The live mice are a part of Rodent Research-23  which deals specifically in studying the effects of spaceflight on the eye. These studies will enable NASA and international space agencies to aid astronauts in dealing with the deteriorating effects of traveling to and from space on their eyes.

The Rodent Research Hardware System includes three modules: (left) habitat, (center) transporter, and (right) animal access unit.
Credits: NASA/Ames Research Center/Dominic Hart

In addition to the experiments, the spacecraft will also be bringing equipment from the ISS back to Earth. These include a cold stowage unit, a component for the treadmill that astronauts use onboard the ISS to exercise and a valve for the station's Carbon Dixoide removal system. Prior to the Dragon's undocking today, astronauts spent most of the weekend preparing the capsule for its maiden departure from the station, with NASA astronaut Victor Glover responsible for monitoring today's departure.

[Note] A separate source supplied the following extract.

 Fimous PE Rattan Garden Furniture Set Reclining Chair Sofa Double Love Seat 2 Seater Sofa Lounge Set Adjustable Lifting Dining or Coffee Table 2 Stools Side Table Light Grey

Following today's splashdown, SpaceX's next mission to the ISS will not be the CRS-23 mission. Instead,  it will be the Crew-2 mission, which will mark the second operational crewed flight from U.S. soil to the ISS since the Space Shuttle was decommissioned. NASA and SpaceX made history last year when astronauts Robert Behnken and Douglas Hurley took to the skies as part of the DM-2 mission.

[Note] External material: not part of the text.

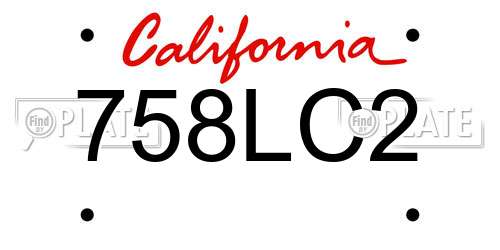 758LC2 California License Plate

This mission was intended to test the Crew Dragon before NASA's official certification for the vehicle. Following this certification, the Crew-1 mission took NASA astronauts Victor Glover, Shannon Walker and Michael Hopkins and Japan Aerospace Exploration Agency (JAXA) astronaut Soichi Noguchi to the ISS, where the astronauts are currently spending their time. As part of their activities onboard the orbiting space laboratory, astronauts Glover and Hopkins are expected to make two spacewalks later this month. These are scheduled for January 19th and January 25th, with Hopkins, who has performed two spacewalks before being the experienced crew member, and Glover, whose first flight was on the Crew-1 mission following his lead.